Two Minutes of Walking on the Internet as a Woman
Here is a video that will surprise only men. In it, a woman walks through the streets of New York City, briskly and silently, eyes ahead. Over the course of ten hours she is approached, catcalled and harassed dozens upon dozens of times, all in broad daylight.
The effect is powerful and useful — “10 Hours of Walking in NYC as a Woman” is a succinct answer to anyone who asks, incredulously, if street harassment is really that bad. People who couldn’t see for themselves — the ones who needed to, at least — now can.

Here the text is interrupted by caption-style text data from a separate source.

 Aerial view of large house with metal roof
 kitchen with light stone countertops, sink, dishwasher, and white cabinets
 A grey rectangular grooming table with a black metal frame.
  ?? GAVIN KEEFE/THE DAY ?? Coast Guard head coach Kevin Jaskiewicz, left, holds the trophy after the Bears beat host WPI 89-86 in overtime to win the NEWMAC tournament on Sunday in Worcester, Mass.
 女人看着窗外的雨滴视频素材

But the video works in two ways: It’s also a neat portrayal of what it is like to be a woman talking about gender on the mainstream internet. This became apparent within minutes of publication, at which point the video’s comment section was flooded with furious responses. The following are all “Top Comments” as determined by YouTube’s viewers and voting system — this is what outwardly appears, among people who chose to engage with this video, to be a consensus (most dissent is voted into oblivion). It is a VAST MAJORITY. Starting with the very top post:
(The subject of race is handled just as thoughtfully.)

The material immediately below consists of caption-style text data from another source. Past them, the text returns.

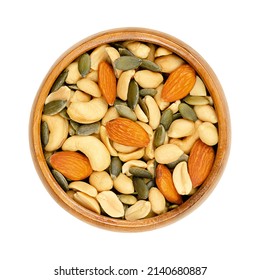 Nut-seed mix, in a wooden bowl. Unsalted and crunchy mix of roasted peanuts, cashews, pumpkin seeds and almonds. Close-up, from above, isolated on white background, macro food photo.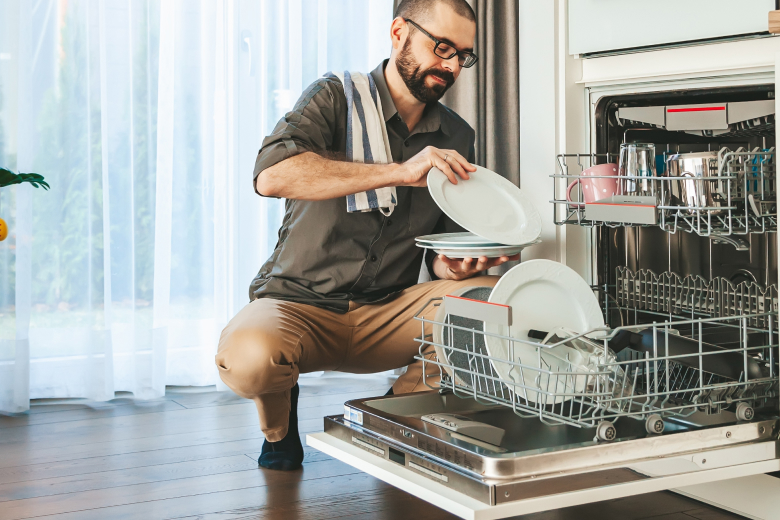 Man unloading dishwasher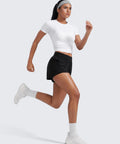 Woman running in Women Running Shorts Double Layer 3 Inch High Rise 2 In 1 Built In Spandex Short With Zip Pockets For Phone Tennis Workout Feathery Fit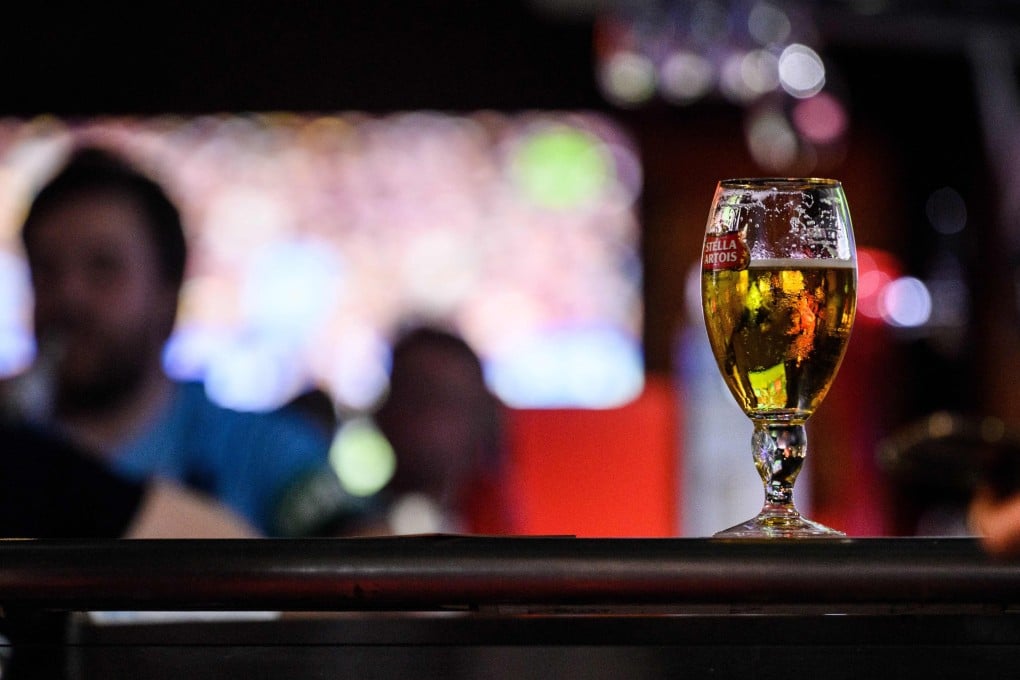 A glass of beer at a bar in Wan Chai. The nightlife district has seen a spate of “Devil’s Breath” attacks, in which drugged victims wake up with no memory of how their bank accounts were emptied. Photo: AFP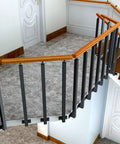 Rock Solid Stair Railing Kit With 270 Degree Adjustable Brackets And Heavy Duty Wrought Iron Banister Columns For Indoor Outdoor Deck Steps No Hassle Side Mount Install Set Of Four Posts, showcasing black iron posts and wood handrails.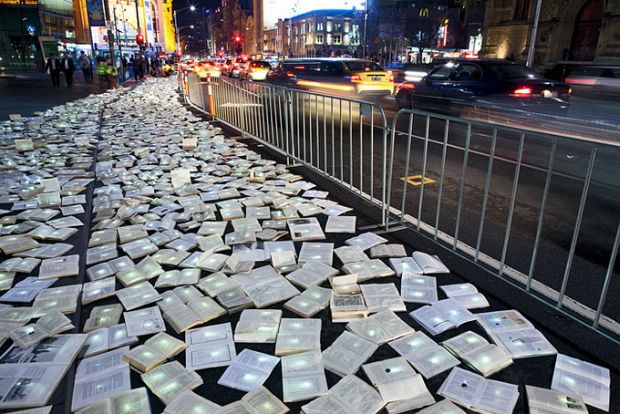 Book spines and LED light in the installation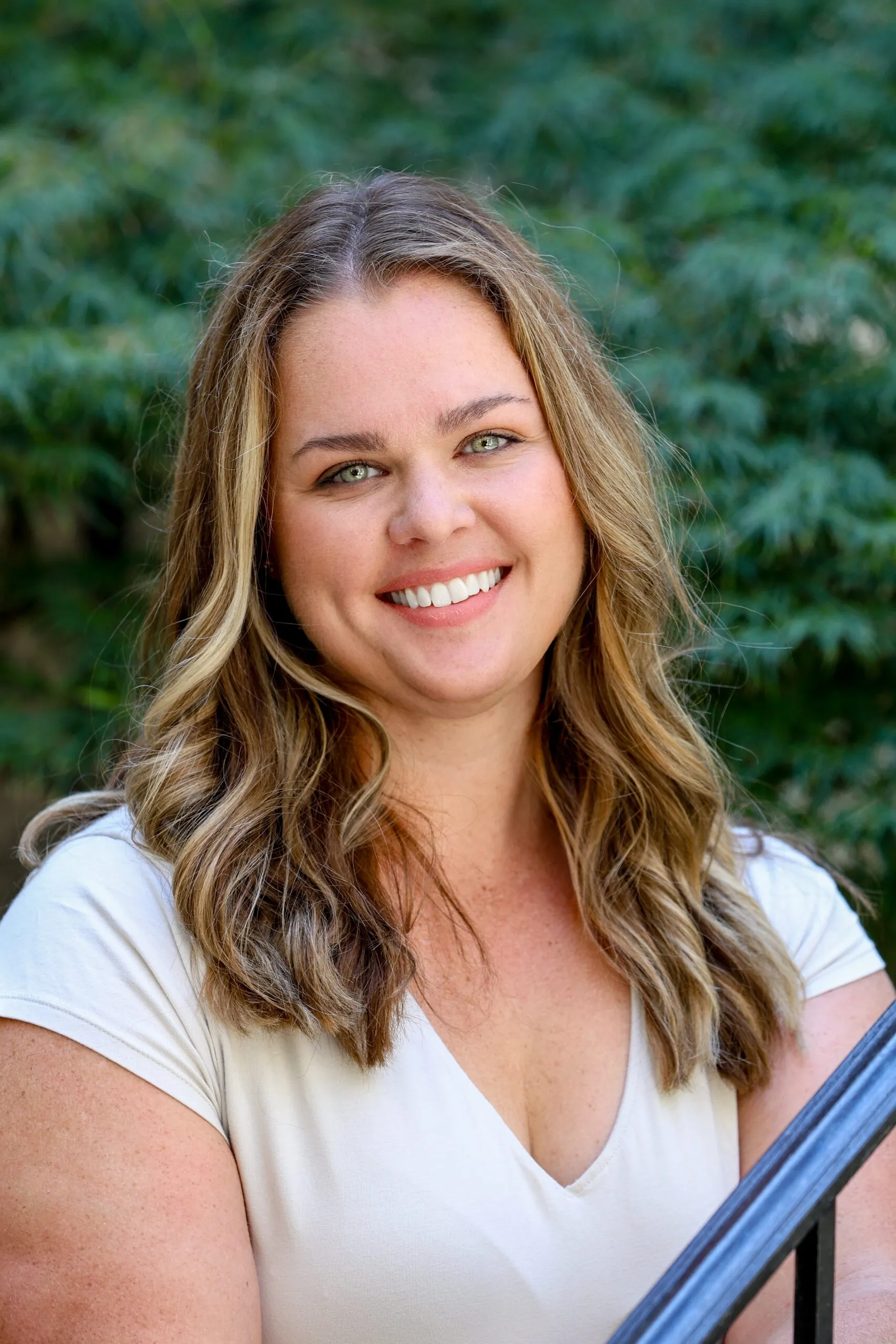 A woman with long hair and a white shirt.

A great number of men, online and off, understand feminism as aggression — they feel as though the perception of their actions as threats is itself a threat. In other words, they too believe that unsolicited public attention is inherently aggressive, but only when that attention takes the form of criticism, and only when it comes from women. They live this belief on the streets, where they are nearly unaccountable, and argue it online, where they are totally unaccountable. And they are everywhere! They are just as bad as people say! You don’t even need a hidden camera to see them.